The website gained a cult following, partly due to its tie-up with the geek news site Need To Know, and its use of strong language, surreal imagery and savage satire reminiscent of the work of Chris Morris. Regular targets for abuse were the Daily Mail, Mick Hucknall of Simply Red and the TV presenter Rowland Rivron. TVGoHome's most consistent target, however, was fictional. Nathan Barley, an ex-public-school media wannabe living off his parents' wealth, had his life chronicled in a fly-on-the-wall documentary series (in the TVGoHome universe) entitled simply Cunt. The programme mocked the "new media" scene that developed around the turn of the millennium in Hoxton and Shoreditch in east London and its population of middle-class web designers, DJs and magazine producers, their obsessions with absurd fashions and gadgetry, their inevitably feeble attempts at creativity and their tireless and ludicrous efforts to embody the cutting edge of urban cool. Two spinoff books were later released: a TVGoHome compilation of old and new material, and Unnovations, mocking the now-defunct Innovations catalogue.

A television show was produced in 2001, consisting of six half-hour episodes broadcast on E4, later compiled for broadcast on Channel 4. It was written by Brooker, among others, and directed by Tristram Shapeero, who also directed the controversial Brass Eye special on paedophilia. An Unnovations TV show was also produced, and broadcast on UK Play.

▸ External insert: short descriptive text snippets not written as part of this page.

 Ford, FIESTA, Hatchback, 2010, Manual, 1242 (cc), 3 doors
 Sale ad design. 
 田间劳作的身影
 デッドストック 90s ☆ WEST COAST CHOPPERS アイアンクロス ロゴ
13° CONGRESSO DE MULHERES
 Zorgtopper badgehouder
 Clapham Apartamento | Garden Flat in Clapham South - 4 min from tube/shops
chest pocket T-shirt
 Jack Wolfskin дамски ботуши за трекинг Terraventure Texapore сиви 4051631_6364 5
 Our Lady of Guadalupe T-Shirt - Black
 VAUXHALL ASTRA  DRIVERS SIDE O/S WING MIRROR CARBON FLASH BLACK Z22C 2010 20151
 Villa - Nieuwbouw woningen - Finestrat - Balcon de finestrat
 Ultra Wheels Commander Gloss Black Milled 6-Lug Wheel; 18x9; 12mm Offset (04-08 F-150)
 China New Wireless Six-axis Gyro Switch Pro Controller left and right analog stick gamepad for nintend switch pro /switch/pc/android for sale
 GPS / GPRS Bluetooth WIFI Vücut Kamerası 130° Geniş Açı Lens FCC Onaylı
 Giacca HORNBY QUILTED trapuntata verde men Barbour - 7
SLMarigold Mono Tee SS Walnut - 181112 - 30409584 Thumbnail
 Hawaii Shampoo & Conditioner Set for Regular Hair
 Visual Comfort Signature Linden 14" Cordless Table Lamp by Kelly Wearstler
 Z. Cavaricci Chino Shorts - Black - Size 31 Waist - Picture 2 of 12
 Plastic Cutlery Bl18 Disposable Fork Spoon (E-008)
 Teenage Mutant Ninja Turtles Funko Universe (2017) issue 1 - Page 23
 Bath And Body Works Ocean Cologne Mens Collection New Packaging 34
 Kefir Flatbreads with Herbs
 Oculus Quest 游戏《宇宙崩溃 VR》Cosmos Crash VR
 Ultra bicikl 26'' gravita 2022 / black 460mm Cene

Brooker has cited the increasing absurdity of reality television as one of the main reasons he stopped writing TVGoHome. The ideas for real life shows such as Touch the Truck, in which contestants must continually touch a truck for 24 hours in order to win a prize, were the kind of idea that at one point would only have existed as a satirical creation of Brooker's website. Now that they were becoming a reality, Brooker felt it was time to stop.